Testé sur PS5 Pro grâce à une copie numérique envoyée par l’éditeur
Incendie dévastateur pour nouvelle vie
Tout commence un matin, lorsque votre ancien magasin est ravagé par un mystérieux incendie. En attendant que la lumière soit faite sur ce drame, vous choisissez de relancer votre activité dans un nouveau local, situé en plein centre‑ville d’une ville dont le nom n’est pas mentionné. C’est ainsi que débute notre aventure dans le mode Carrière de PC Building Simulator 2. Les premières heures de jeu sont finalement assez lentes et répétitives, mais indispensables pour bien comprendre le fonctionnement d’un PC et, surtout, apprendre à démonter puis remonter la machine après son passage sur la table d’opération.

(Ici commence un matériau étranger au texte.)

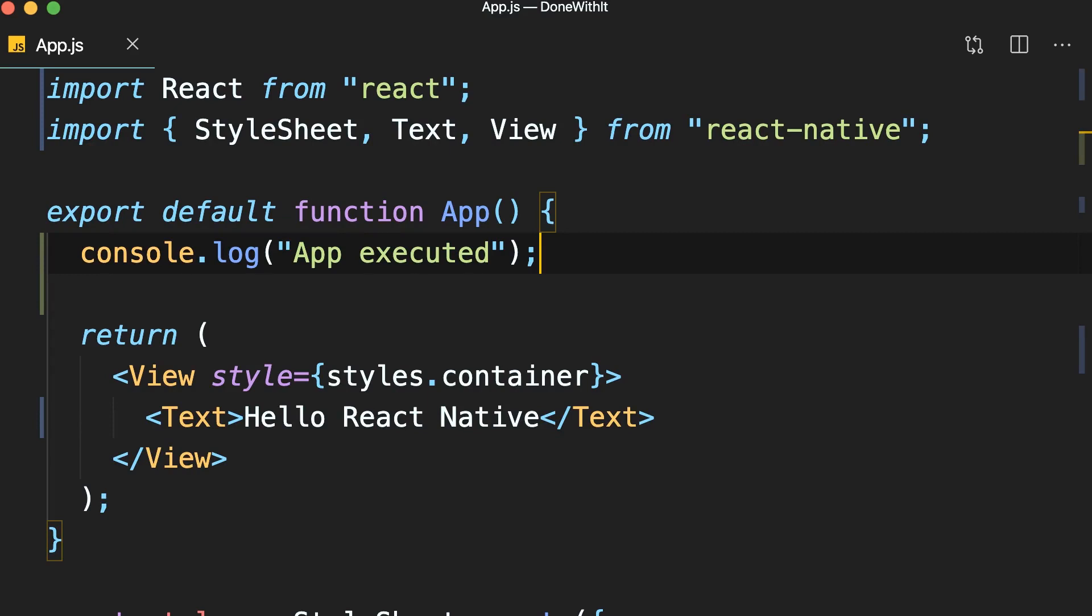So console.log is the simplest way to debug our React Native apps. However, these console.log statements can have a negative impact on the performance of our apps in production. So use this only during development and testing. Once you're done with your debugging sessions, make sure to remove them before building your application for production.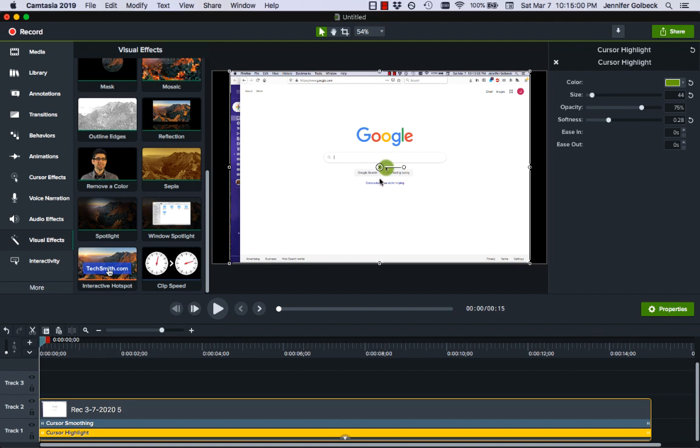I wouldn't necessarily use it for something like this but sometimes there's a process that I'm going through and it doesn't really matter. I want the middle part to be there but I don't need someone to sit through the whole thing and so I may want to speed it up.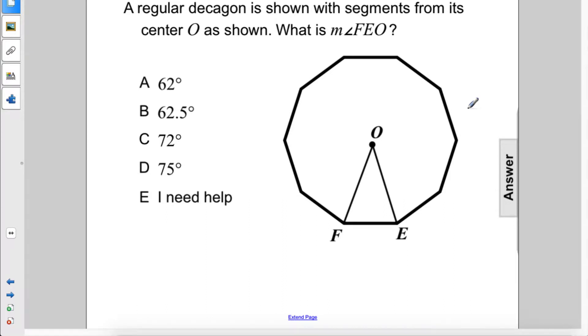A regular decagon is shown with segments from its center O. What is the measure of angle FEO? So this angle here.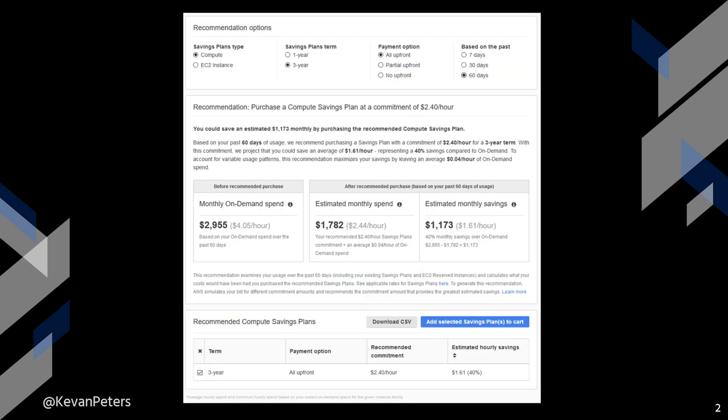Anything over that level of committed compute that is bought at a discounted rate is then charged at traditional on-demand rates. This gives you the ability to plan with the whole of your AWS compute footprint on purchasing savings plans, instead of looking at it on an instance-by-instance level.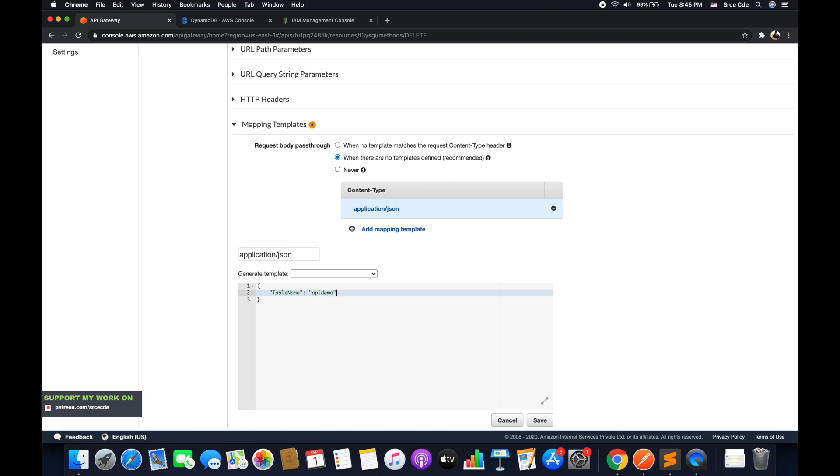Mind the caps: TableName, API demo in my case, followed by the key. So this is basically going to be the condition for which we want to delete an item.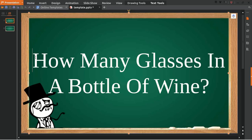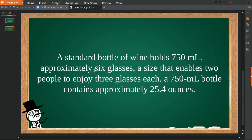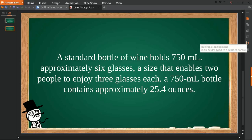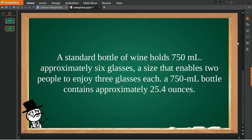Okay, this is the answer to the question. A standard bottle of wine holds 750 milliliters, approximately six glasses, a size that enables two people to enjoy three glasses each. A 750 milliliter bottle contains approximately 25.4 ounces. This short information and calculation can be useful.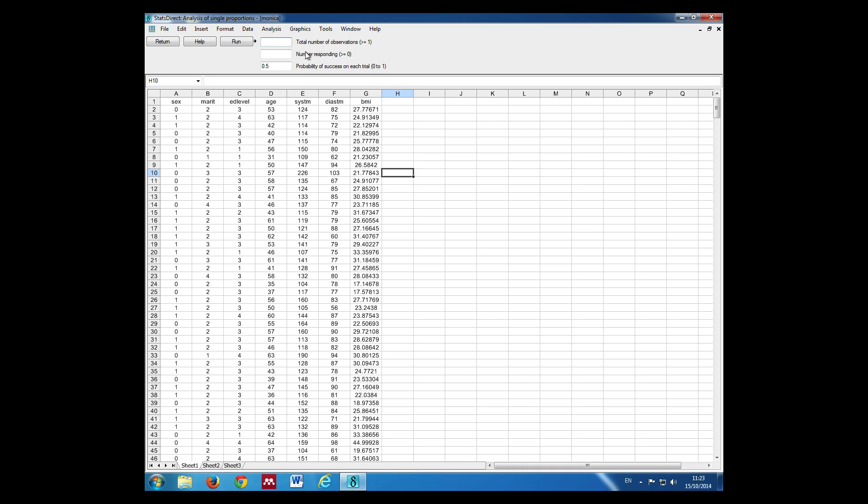The total number of respondents—and this is using the data from the result of our frequencies command—so the total number of observations was 750. The total number responding, this is the number of men, was 391.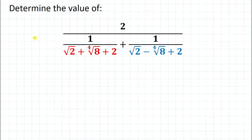Hello everyone, welcome to Root 2 Mathematics. In this video we are going to solve an interesting question. The given question is: determine the value of 2 divided by (1 divided by √2 + ⁴√8 + 2) plus (1 divided by √2 − ⁴√8 + 2).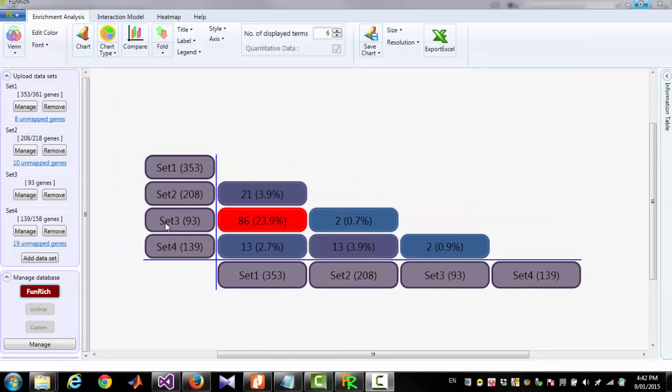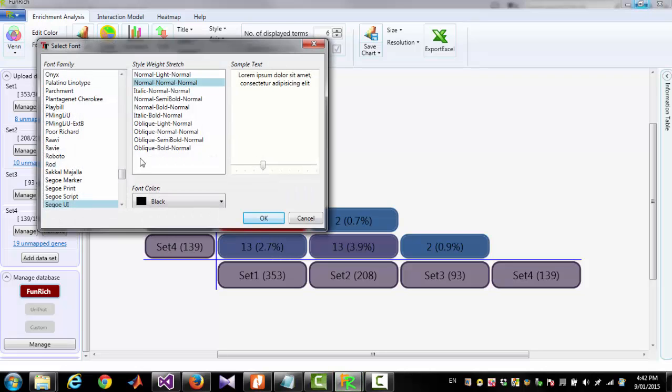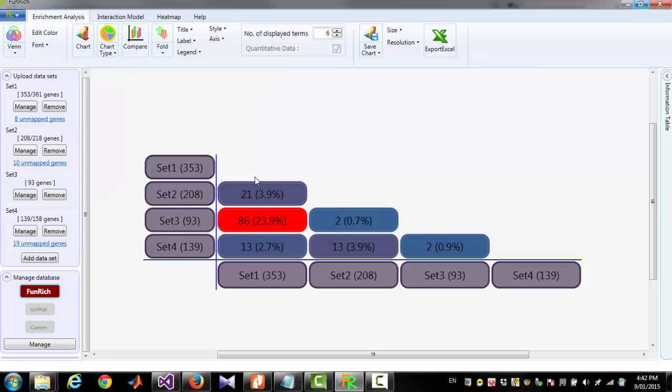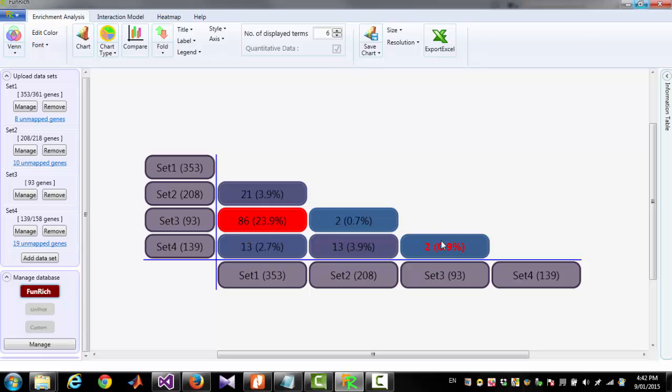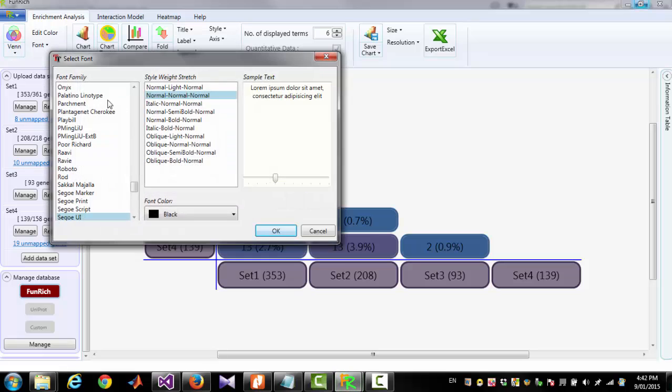You can change the font family and font size for the set names by clicking Label Font. And you can change the font family and font size for those numbers by clicking Number Font.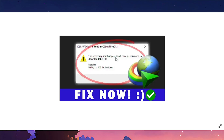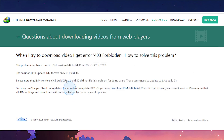Hey guys, welcome to Rapid Tips. In this video I'm going to show you how to fix the IDM error. When you see this error message, I'm going to show you exactly what you need to do — it's actually very easy and simple. The main problem is because you're basically using an outdated version.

Les simulateurs ont du succès, et ce peu importe leur aspect réaliste ou non, avec notamment l’un de nos coups de cœur de ces dernières années : Goat Simulator 3.
On commence donc par intervenir sur des machines dont le diagnostic est relativement simple : remplacer un SSD défectueux, améliorer une carte graphique avec un modèle plus performant ou encore cloner un système d’exploitation d’un espace de stockage A vers un espace de stockage B. Il s’agit de tâches qui paraîtront évidentes pour une partie des joueurs, mais bien moins accessibles pour celles et ceux qui ne sont pas familiers avec l’informatique et les nouvelles technologies.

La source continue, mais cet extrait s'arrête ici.